Last night.
I was preparing to go to bed when I passed the living room and saw my daughter in the fetal position on the couch. "What the...what's wrong?"
"I have a huge Biology test tomorrow and I forgot ALL my notes at school."
It was after 10pm folks, and usually by that time, USUALLY, all of my parenting strategies go out the window because I'm mentally already in bed. My body still hasn't brushed her teeth or washed her face but my mind is already under the covers, curled up next to my personal space heater in the form of a middle aged man with great legs who is warming up my toes. But last night, I rose to the occasion. I put on my mom cape and asked, "What time do you have Biology?"
"First," she replied.
"Perfect," I said. "Just sleep in and I'll take you after 1st period and you can make up the test later."
I know what you're thinking: I WISH YOU WERE MY MOM WHEN I WAS A KID. Aren't you? Because at this point I was seriously contemplating nominating myself as The Best Mom Ever How Can I Ever Thank You and erecting a statue. As I stood there waiting for her to jump in my arms and tell me how awesome I was she instead responded with, "What about Seminary?"
(...) "Come again?"
"I mean, what am I supposed to do about Seminary?"
(You guys, why am I always having to spell out to my children how to be under-achievers? I recognize I am the resident expert, but sometimes it's exhausting.)
I said, "Well, you would have to miss Seminary." (Again, this isn't bad news! Here I am, your mother in her Mother Cape saying, "Don't get up at 4:45 am. Don't worry about your biology test. Instead, SLEEP. And then, EAT A HOT BREAKFAST FOR ONCE. And THEN! Make up your test later after you've had plenty of time to study and I will even write your tardy note to the office and WHERE THE HELL IS MY PLAQUE?!)

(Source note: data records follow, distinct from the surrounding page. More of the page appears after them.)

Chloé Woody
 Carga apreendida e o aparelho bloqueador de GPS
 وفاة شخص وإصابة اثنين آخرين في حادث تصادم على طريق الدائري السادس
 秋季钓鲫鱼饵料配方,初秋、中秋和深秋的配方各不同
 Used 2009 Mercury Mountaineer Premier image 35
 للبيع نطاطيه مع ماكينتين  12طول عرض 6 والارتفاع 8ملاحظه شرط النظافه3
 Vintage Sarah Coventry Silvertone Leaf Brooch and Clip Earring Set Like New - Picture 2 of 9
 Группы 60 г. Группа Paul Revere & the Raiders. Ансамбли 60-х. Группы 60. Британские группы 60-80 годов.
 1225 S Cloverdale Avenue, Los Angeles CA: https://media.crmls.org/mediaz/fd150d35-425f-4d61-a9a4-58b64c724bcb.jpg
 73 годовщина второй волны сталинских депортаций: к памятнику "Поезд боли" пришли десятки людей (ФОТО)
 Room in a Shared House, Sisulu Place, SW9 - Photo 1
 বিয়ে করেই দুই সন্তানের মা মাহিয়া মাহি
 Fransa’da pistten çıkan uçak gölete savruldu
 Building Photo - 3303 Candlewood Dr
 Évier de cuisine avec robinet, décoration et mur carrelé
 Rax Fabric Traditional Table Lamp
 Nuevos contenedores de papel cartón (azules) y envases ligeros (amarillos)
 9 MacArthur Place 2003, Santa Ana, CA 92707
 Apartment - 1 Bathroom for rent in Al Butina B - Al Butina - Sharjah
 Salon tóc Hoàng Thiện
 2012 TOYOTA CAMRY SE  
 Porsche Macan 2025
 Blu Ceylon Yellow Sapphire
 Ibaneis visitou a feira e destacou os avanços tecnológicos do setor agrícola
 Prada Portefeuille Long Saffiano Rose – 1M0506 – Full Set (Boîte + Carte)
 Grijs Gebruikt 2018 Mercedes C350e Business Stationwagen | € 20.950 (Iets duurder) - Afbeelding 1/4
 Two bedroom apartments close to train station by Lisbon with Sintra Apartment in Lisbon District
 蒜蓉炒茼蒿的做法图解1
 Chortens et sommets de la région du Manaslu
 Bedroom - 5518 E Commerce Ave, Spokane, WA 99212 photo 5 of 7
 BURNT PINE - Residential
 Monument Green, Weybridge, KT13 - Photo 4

Instead? She burst into tears.
???
I don't...I just...what...yeah.
So I took off my pretend Mother Cape and went to bed to let her deal with all of her teenage-ness by herself. This morning I promptly made up for abandoning her by sending her a text message that I loved her and wished her well on her test, after which I came in to check my email. I glanced down at the notepad next to the computer and couldn't help but laugh as I saw what Samantha had scribbled on it:
Bless that girl, she's hard not to like.
10 comments:
That is funny! I've got one child that is a avid seminary attender too. She went to bed with a raging fever, but planned to get up at 5 because she was worried 2 of her friends that she transports wouldn't go to seminary.
(My older 3 however, would have given me my deserved mom award though if I let them sleep in)
This morning, in a fit of generosity, I drove my daughter and her friends to the bus in the predawn Seattle rain. They wanted to be let out at the bus stop to wait in the rain instead of staying in the van. "You can't park here...this is where Brittany's dad parks."
My deserved Mother of the Year award didn't materialize either.
I would have appreciated you if you'd been my mother in high school.
You are totally Mother of the Year!
There is nothing more important that the heater known as spousal space.
Nothing better.
I hope she survived the test and did well.
This morning, my son would have loved to have you as his mom. I made him get up and go to school even though he had a huge project due today that he didn't get finished last night because he fell asleep on the couch while watching TV instead of doing his homework.
Normally I might have let him stay home to work on the project but 1) he has known about this for over a week and didn't plan on starting it until last night and 2) he's already missed several days of school in the last two weeks due to being sick. (a mysterious illness that seems to go away completely at 3:00 every day, coincidentally the exact time that school gets out)
Oh, I love that girl. She's a woman-in-the-making after my own heart. And you definitely deserve a medal too.
And yes, those WERE the cookies you thought they were...note I said WERE...because they ARE all gone!!
AND IT'S TRUE! Seven crappy hours...plus all the prep time before and after, so really, more like 20. My son woke up yesterday with an enormous lump (kind of a boil/zit) on his face, hours before he was to be auctioned off to the highest bidder at lunchtime for the school fundraiser. He's so stressed that his face is rebelling. And I blame the establishment. And his penchant for Mountain Dew. But mostly the establishment.
You can keep your mom cape on. You might have failed with seminary, but you can still try to persuade her to hock her newly aquired Y.W. medallion.
I'm impressed. I would have said, "Well, too bad for you. Good luck next time." But then again, she wouldn't have been crying because she forgot her notes. She would have thought, "oh, I forgot my notes...cool no homework!"
I honestly think our girls must have been switched at birth! Hahaha!